A PERIGOSA POLÍCIA DE
CAIADO
Ex-presidenciável em 1989,
ex-parlamentar federal e atual governador do Estado de Goiás pelo partido União
Brasil, Ronaldo Caiado é, com certeza, o político de maior influência de seu
Estado. Localmente, ele também é o nome que lidera a poderosa classe
latifundiária da soja e do milho.
Não precisa ser
especialista para observar que as condutas assumidas por Caiado refletem
abertamente o seu forte sentimento de classe. Elas se estendem ao fato de
fazer o Palácio governamental uma extensão de sua residência particular, e de implicar censura às mídias sobre surtos de adoecimentos graves por agrotóxicos.
E ele vai mais fundo na
ousadia. Em reunião de governadores com o presidente Lula sobre a unificação
das polícias estaduais para combater as organizações criminosas e amenizar a
guerra urbana, Caiado disse: “a PM de meu Estado é um exemplo para todo o
país, não há mais criminalidade”.
Se Caiado, velho opositor
político de Lula, quis atingir o governo federal, a fala ressoou entre os
demais, que se entreolharam calados. Embora a patuleia do Sudeste já esteja
envolta em problemas locais, Brasília e mídias de massa sabem que Goiás não é o
paraíso de segurança que ele diz ser.
A reunião do governo serviu
para comunicar a regulamentação da lei de 2022 que cria o Sistema Único de
Segurança Pública (SUSP), e investir mais em inteligência para maior
eficácia no combate ao crime, e mesmo na guerra urbana. Caiado quis dizer que “a
PM-GO não precisa disso”.
Só que, divulgados pelas
mídias, os levantamentos anuais do Anuário da Violência desmentem Caiado. Goiás
é o campeão de trabalho escravo no campo, e cenas de violência são obtidas pela
imprensa: os PMs não usam câmeras contrariando a lei federal, e rondas são
feitas em viaturas sem placa.
“Eu quero a testemunha,
na sexta-feira à tarde. Eu tô de viatura, caçando esse covarde. Se eu pego eu
atiro, sem dó e compaixão. Minha emoção é zero, um verdadeiro inferno”.

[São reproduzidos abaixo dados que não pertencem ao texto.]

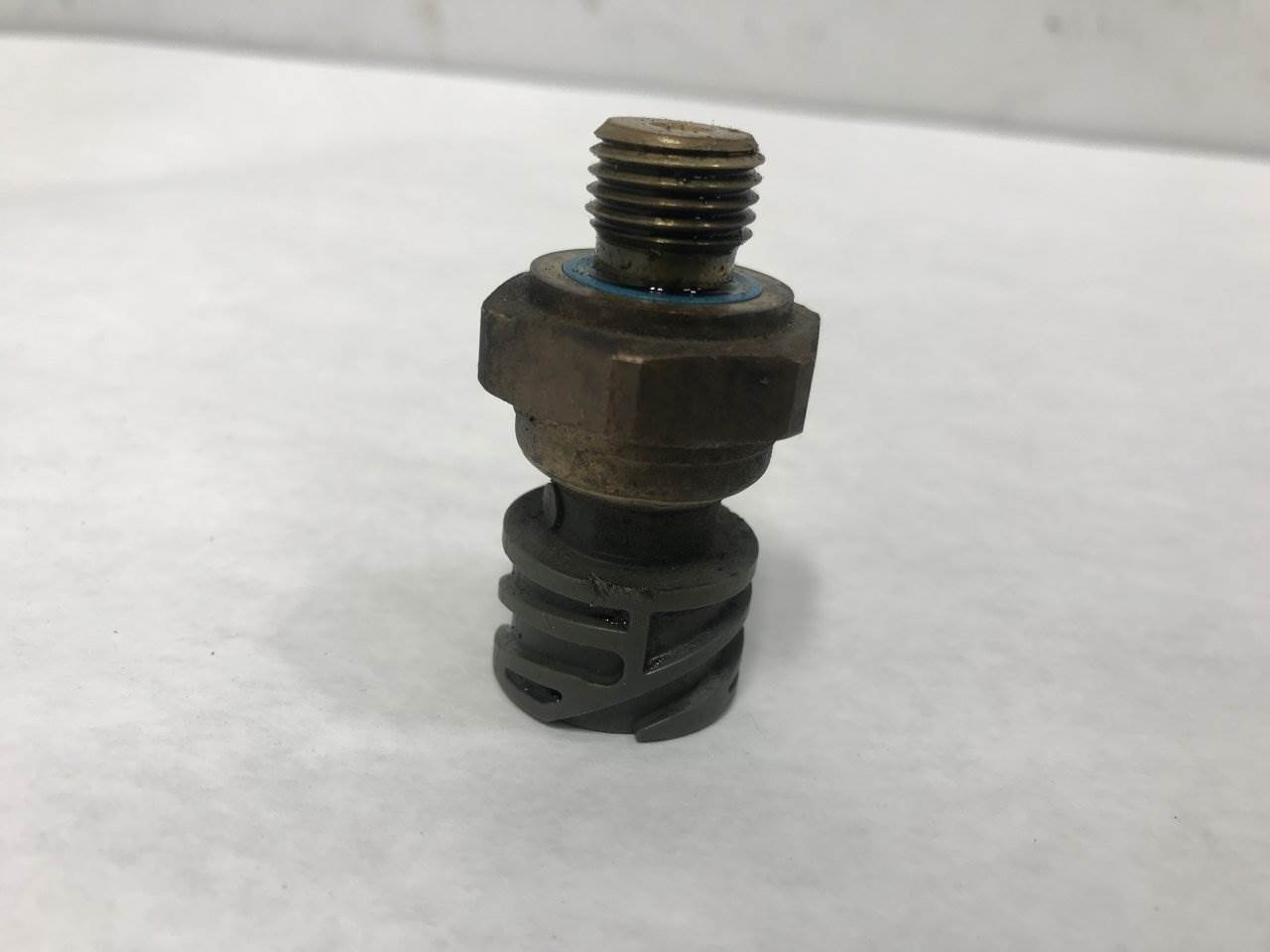 2015 Paccar MX13 Engine Sensor for a Peterbilt 579 For Sale Sioux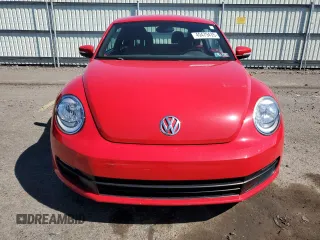 2012 Volkswagen Beetle 2.5L PZEV with VIN 3VWJP7AT2CM639920, listed as a Copart auction lot 49479435 with 59,515 mi miles and Salvage Title. Bid and sale history available at carsss.com. Image 5.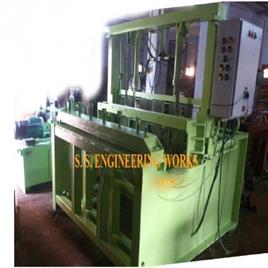 Mild Steel Hydraulic Semi Automatic Vibrating Screen Wire Mesh Machine, Production Capacity: 800-2000 kg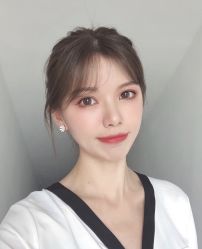 -AYO SALON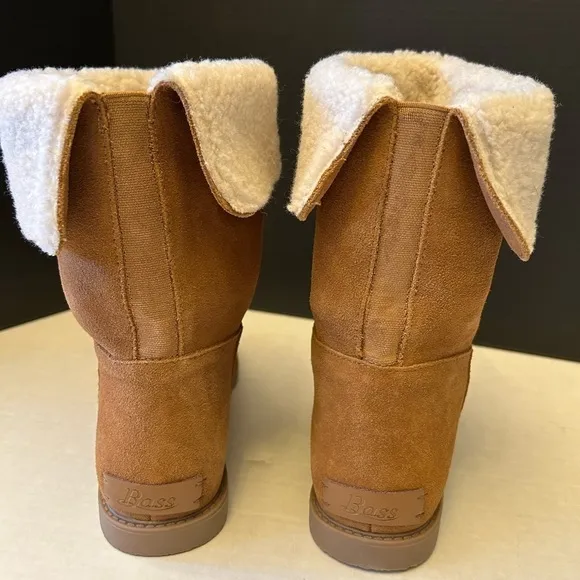 G.H. Bass Aria fold down ankle tan boots suede/leather &amp; sherpa trim Sz-10M. L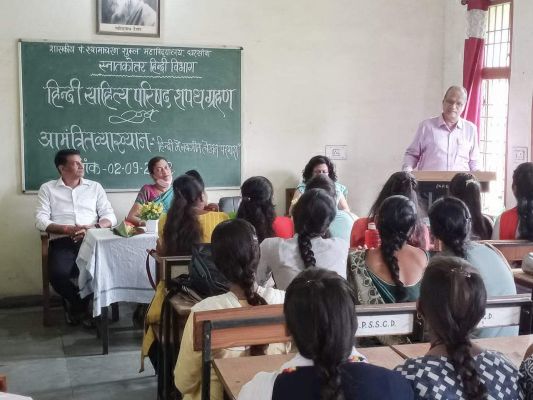 धरसींवा कॉलेज में हिंदी साहित्य परिषद के सदस्यों का शपथ ग्रहण-व्याख्यान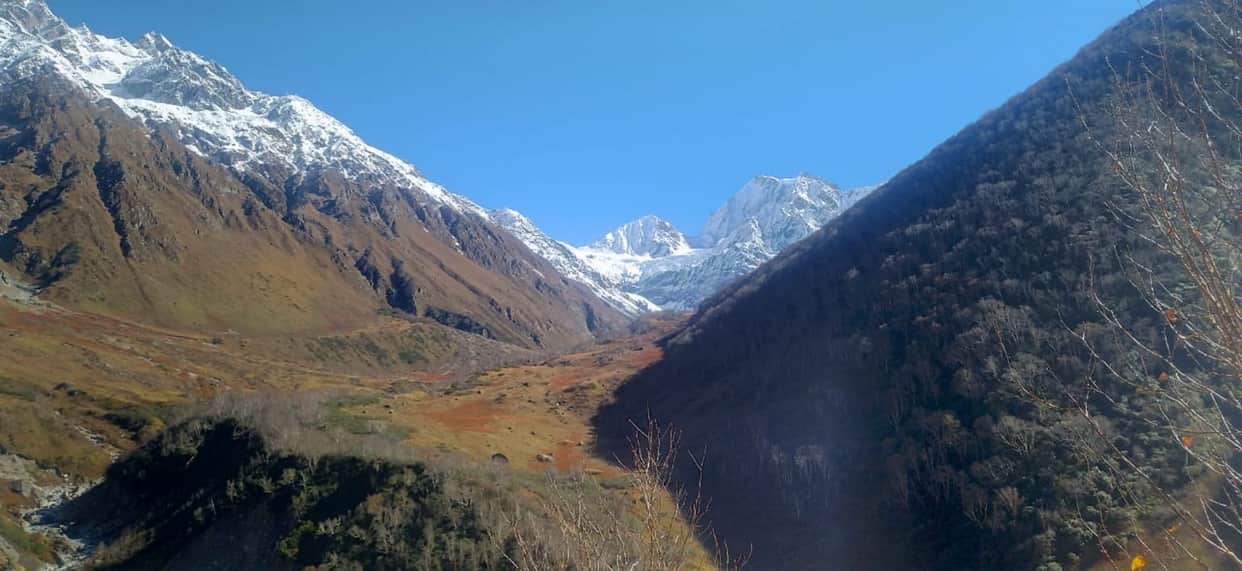 Chamoli Valley of flowers closed Today for tourists record tourists came Uttarakhand news in hindi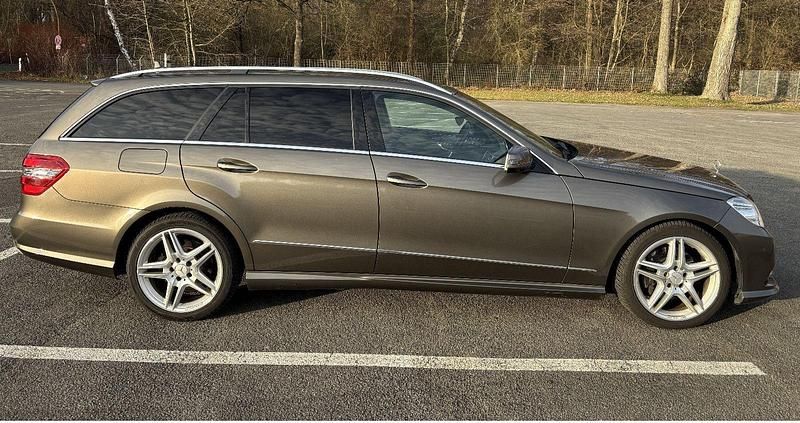 Gebraucht Mercedes E250 Avantgarde 204 PS (150 kW) 2012 Grau Kombi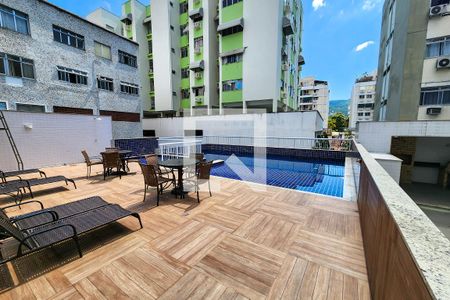 Apartamento para alugar com 64m², 2 quartos e 1 vaga Apartamento para alugar com 64m², 2 quartos e 1 vagaÁrea comum - Piscina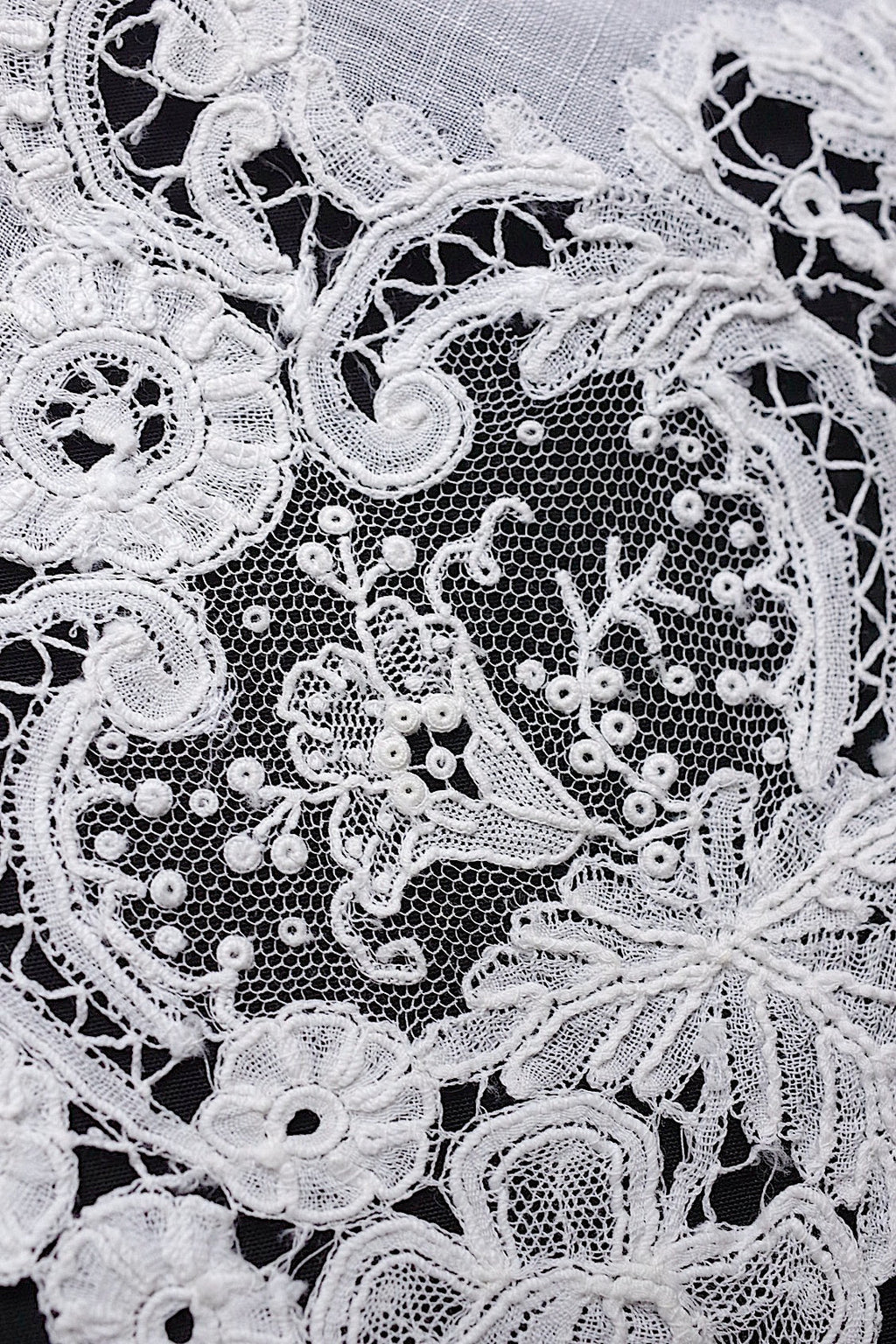 アンティークレースハンカチ　mouchoir  ancien ハンカチ２種 .FR a l'epoque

Entoada por policiais, a canção de guerra revela o verdadeiro perfil da PM-GO e
a tensão vivida pelas periferias urbanas.
Um dos mais letais do
Brasil, o perfil da PM-GO reflete a verdadeira face da política de segurança
pública alardeada por Caiado nas campanhas para o governo estadual. A morte
gratuita, fora dos limites legais, na verdade é a sua política. Como disse Jaqueline
Muniz¹, “por trás da polícia que atira está o governador”.
Nota: ¹socióloga
especialista em segurança pública.
Para saber mais
- https://www.youtube.com/watch?v=bVn4wKd9EzQ. (Folha Democrata, 13/4/25 – futuro da segurança
pública no Brasil)
- https://www.gov.br/mj/pt-br/acesso-a-informacao/acoes-e-programas/susp (Sistema Único de Segurança Pública)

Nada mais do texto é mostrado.